[Work order] Restate the opening lines of the material below word for word, stopping after the line that contains "Maruti Ertiga 1.5 Zxi 2015".

[Records]

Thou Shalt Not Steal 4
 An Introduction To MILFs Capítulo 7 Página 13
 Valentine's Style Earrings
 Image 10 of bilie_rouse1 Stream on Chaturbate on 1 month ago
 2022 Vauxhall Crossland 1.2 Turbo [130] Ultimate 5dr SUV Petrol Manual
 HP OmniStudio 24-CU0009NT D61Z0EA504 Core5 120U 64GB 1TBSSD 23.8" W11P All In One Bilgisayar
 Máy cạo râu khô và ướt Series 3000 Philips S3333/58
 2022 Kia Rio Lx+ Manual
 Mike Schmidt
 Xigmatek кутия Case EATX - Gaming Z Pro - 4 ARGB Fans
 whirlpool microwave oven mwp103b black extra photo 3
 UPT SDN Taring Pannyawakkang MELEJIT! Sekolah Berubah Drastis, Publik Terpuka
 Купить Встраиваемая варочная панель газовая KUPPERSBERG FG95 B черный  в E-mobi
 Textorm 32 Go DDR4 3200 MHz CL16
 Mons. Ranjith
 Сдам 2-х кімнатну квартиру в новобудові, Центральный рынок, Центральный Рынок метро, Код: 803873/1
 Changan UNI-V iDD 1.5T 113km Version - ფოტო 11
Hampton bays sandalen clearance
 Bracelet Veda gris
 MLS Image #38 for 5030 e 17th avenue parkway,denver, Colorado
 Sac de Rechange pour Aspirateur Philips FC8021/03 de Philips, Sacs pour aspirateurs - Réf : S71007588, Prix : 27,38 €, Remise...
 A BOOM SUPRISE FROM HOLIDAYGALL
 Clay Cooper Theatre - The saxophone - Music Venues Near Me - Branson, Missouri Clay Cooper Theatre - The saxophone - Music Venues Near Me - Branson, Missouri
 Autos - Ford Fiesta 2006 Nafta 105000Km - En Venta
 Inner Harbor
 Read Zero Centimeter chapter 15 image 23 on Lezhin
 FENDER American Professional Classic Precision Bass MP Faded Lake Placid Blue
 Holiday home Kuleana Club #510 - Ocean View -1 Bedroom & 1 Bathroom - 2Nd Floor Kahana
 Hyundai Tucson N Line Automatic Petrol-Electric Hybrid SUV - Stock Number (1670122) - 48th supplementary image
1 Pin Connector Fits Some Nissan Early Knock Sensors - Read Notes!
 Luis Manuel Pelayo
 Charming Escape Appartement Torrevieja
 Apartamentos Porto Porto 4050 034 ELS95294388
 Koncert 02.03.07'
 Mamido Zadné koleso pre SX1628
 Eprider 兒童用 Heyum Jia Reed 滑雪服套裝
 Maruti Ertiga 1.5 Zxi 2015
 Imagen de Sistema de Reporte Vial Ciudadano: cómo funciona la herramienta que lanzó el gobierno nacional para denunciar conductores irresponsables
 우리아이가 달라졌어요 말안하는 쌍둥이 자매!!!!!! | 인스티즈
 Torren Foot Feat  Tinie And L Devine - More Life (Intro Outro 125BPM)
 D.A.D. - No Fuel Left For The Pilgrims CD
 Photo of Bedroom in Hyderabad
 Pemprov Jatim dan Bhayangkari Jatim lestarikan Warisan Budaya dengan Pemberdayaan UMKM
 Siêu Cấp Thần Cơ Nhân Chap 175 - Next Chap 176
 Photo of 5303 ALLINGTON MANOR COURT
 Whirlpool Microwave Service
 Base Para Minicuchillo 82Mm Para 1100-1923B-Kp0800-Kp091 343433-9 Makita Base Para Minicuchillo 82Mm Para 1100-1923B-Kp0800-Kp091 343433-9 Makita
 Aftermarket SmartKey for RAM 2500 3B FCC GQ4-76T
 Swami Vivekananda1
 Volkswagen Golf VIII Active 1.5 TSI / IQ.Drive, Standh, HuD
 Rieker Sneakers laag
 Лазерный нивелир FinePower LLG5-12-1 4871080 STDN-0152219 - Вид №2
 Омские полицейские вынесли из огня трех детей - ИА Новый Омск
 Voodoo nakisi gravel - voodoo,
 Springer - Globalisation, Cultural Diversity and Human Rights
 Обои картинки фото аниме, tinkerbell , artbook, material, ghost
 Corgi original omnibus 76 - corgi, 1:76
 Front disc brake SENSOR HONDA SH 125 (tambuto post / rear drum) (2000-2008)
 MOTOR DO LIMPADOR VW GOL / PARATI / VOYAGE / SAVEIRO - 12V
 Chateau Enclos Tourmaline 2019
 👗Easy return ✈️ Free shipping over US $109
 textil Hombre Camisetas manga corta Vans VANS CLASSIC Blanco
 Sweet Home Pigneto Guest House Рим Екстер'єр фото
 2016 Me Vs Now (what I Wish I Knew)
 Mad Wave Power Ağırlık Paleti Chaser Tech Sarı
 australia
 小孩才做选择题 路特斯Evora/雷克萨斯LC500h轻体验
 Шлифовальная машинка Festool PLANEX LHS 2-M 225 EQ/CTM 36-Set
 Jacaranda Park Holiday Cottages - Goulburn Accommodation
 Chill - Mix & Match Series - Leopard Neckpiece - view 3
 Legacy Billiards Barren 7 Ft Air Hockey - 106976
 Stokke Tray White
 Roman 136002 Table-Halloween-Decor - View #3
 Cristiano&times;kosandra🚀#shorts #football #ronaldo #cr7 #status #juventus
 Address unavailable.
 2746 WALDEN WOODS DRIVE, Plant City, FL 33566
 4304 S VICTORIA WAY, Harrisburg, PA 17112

[Response]
Thou Shalt Not Steal 4
 An Introduction To MILFs Capítulo 7 Página 13
 Valentine's Style Earrings
 Image 10 of bilie_rouse1 Stream on Chaturbate on 1 month ago
 2022 Vauxhall Crossland 1.2 Turbo [130] Ultimate 5dr SUV Petrol Manual
 HP OmniStudio 24-CU0009NT D61Z0EA504 Core5 120U 64GB 1TBSSD 23.8" W11P All In One Bilgisayar
 Máy cạo râu khô và ướt Series 3000 Philips S3333/58
 2022 Kia Rio Lx+ Manual
 Mike Schmidt
 Xigmatek кутия Case EATX - Gaming Z Pro - 4 ARGB Fans
 whirlpool microwave oven mwp103b black extra photo 3
 UPT SDN Taring Pannyawakkang MELEJIT! Sekolah Berubah Drastis, Publik Terpuka
 Купить Встраиваемая варочная панель газовая KUPPERSBERG FG95 B черный  в E-mobi
 Textorm 32 Go DDR4 3200 MHz CL16
 Mons. Ranjith
 Сдам 2-х кімнатну квартиру в новобудові, Центральный рынок, Центральный Рынок метро, Код: 803873/1
 Changan UNI-V iDD 1.5T 113km Version - ფოტო 11
Hampton bays sandalen clearance
 Bracelet Veda gris
 MLS Image #38 for 5030 e 17th avenue parkway,denver, Colorado
 Sac de Rechange pour Aspirateur Philips FC8021/03 de Philips, Sacs pour aspirateurs - Réf : S71007588, Prix : 27,38 €, Remise...
 A BOOM SUPRISE FROM HOLIDAYGALL
 Clay Cooper Theatre - The saxophone - Music Venues Near Me - Branson, Missouri Clay Cooper Theatre - The saxophone - Music Venues Near Me - Branson, Missouri
 Autos - Ford Fiesta 2006 Nafta 105000Km - En Venta
 Inner Harbor
 Read Zero Centimeter chapter 15 image 23 on Lezhin
 FENDER American Professional Classic Precision Bass MP Faded Lake Placid Blue
 Holiday home Kuleana Club #510 - Ocean View -1 Bedroom & 1 Bathroom - 2Nd Floor Kahana
 Hyundai Tucson N Line Automatic Petrol-Electric Hybrid SUV - Stock Number (1670122) - 48th supplementary image
1 Pin Connector Fits Some Nissan Early Knock Sensors - Read Notes!
 Luis Manuel Pelayo
 Charming Escape Appartement Torrevieja
 Apartamentos Porto Porto 4050 034 ELS95294388
 Koncert 02.03.07'
 Mamido Zadné koleso pre SX1628
 Eprider 兒童用 Heyum Jia Reed 滑雪服套裝
 Maruti Ertiga 1.5 Zxi 2015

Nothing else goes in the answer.